How leadership by hubris makes it difficult to hire for potential

Published: May 11, 2015 06:15:46 AM IST
Updated: May 11, 2015 01:50:11 PM IST
How does one hire for potential
Image: {Shutterstock}

Every headhunter faces this conundrum. Recently, it was my turn to stare it in the face. At a meeting with the leadership team of a multi-billion-dollar IT firm, the Global HR head leaned over and asked — “how does one really hire for potential? It’s something we haven’t been able to de-code. Could you help us?”

It seemed a rhetorical ask, to assess where I would go with the answer, because there are a couple of predictable paths to choose from. First, there’s the textbook answer — that potential is not to be judged by past performance alone, but on the ability to adapt to the future. Second, to pick a bunch of human characteristics that labour the first point — resilience, agility, creativity, non-conformity and temperament. Sadly, I, too, took shelter in the predictable.

Alas, erudition rarely substitutes common sense. And textbook answers offer, at best, a fig leaf of respectability and not genuine insight.

As search consultants, we spend our days meeting a lot of successful people who spend an inordinate amount of time outlining their careers. The most fascinating part of the experience always lies in ignoring the past and peering into the future. Will they continue on their path of success? Am I speaking to the future CEO of a global organisation? Could I accurately spot talent, not for what they have achieved, but for what they are capable of becoming? In essence, could I accurately spot potential?

Why is potential so difficult to identify? The muddle exists due to the way organisations have historically been structured. By design, companies are inherently undemocratic. It’s largely leadership by command and control, with a fistful of hubris tossed in. The senior management run a tight ship on how best to deliver a product or a service and there are codified norms of interaction.

Voltaire’s principle of ‘disagreement without malice’ is something few companies genuinely understand, let alone embrace. It’s rare to find a CEO who genuinely encourages his team to question policy. At best, it might be tolerated at stimulated scenarios — say at an informal company dinner or at a peer-attended social gathering, where collateral damage is likely to be limited.

There is, however, no real Speaker’s Corner where an employee could stand up and make an impassionate speech debating business decisions, if only to provide a radically alternative view. A platform that allows them to share their opinions without appearing untrustworthy is absent.

Traditionally, Shareholder Activists and Unions have played this role, in part; never the mainstream employee.

This is unfortunate, as the ‘conflict of ideas’ is the engine of change. It creates leaders, especially those who break the mould and provide insight; namely, high potential leaders.

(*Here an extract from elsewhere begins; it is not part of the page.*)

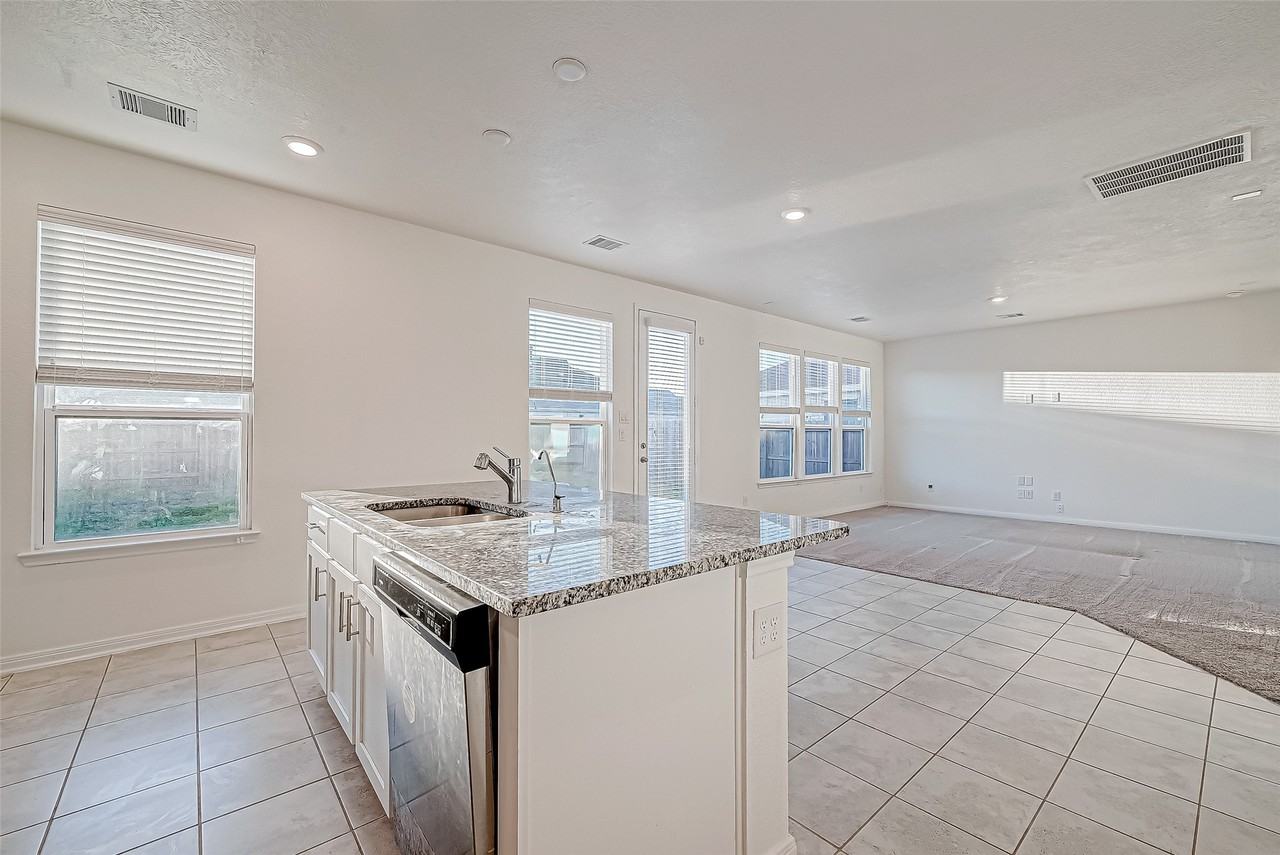 7106 Escondido Dr #7106 - Photo 6 of 41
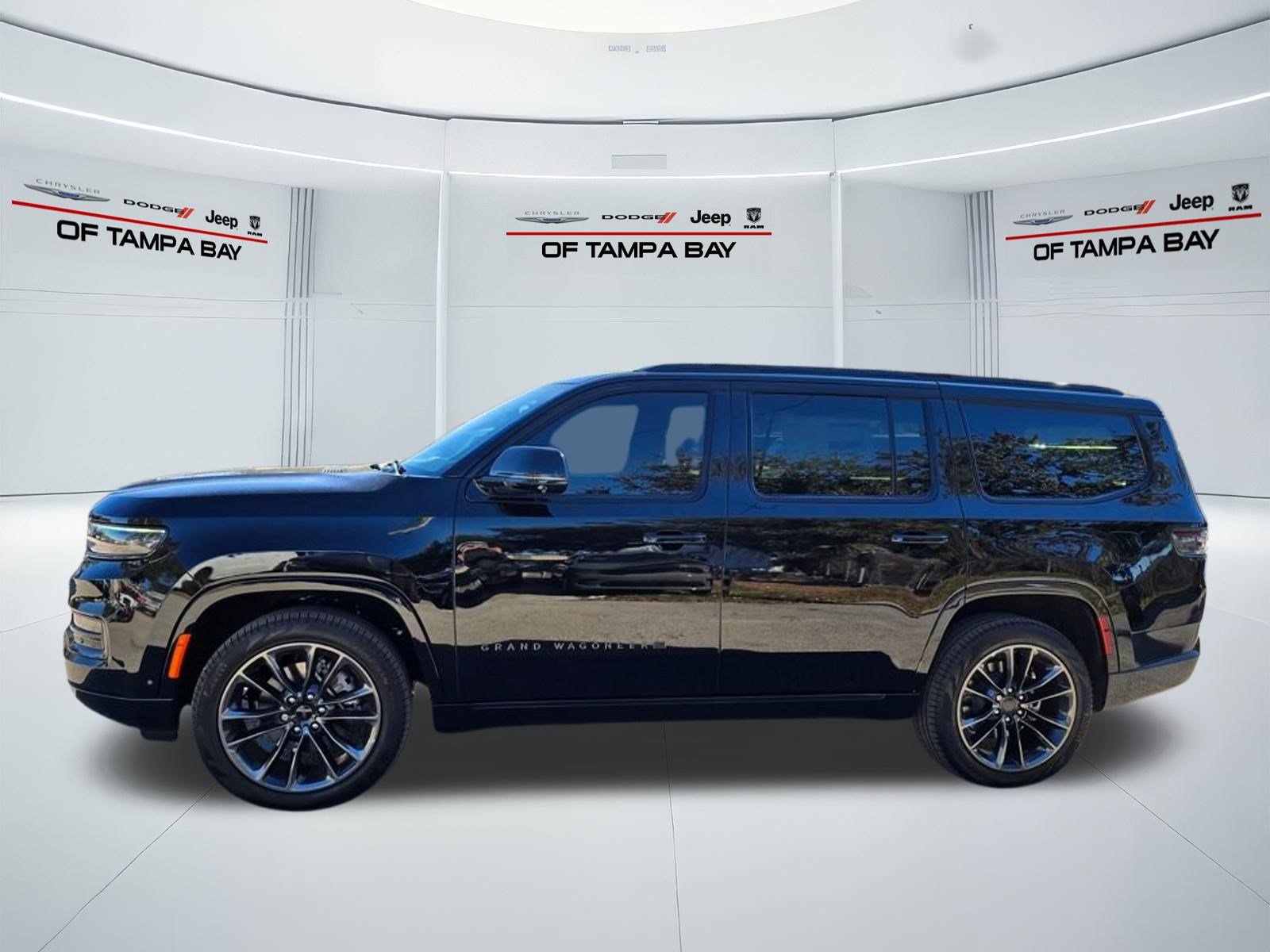 New 2025 Jeep Grand Wagoneer Series II Obsidian w/ Quick Order Packagew 28T AWD/4WD image 3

Embracing disagreement doesn’t have to be dramatic. Nobody is making the case for a coup. Rather, it’s about creating elbow room wherein employees are encouraged not to surrender their critical faculties in the face of conformity.

Some of the greatest firms in the world have tried to institutionalise dialogue and its impact on leadership potential – McKinsey, GE, Unilever and Vodafone being the notable few in recent times that have genuinely invested in understanding high-potential leadership.

Sadly, not enough has been done. It calls for a radical transformation among corporate houses, especially in this age of social media, where unsolicited feedback is instant and stubbornly loud.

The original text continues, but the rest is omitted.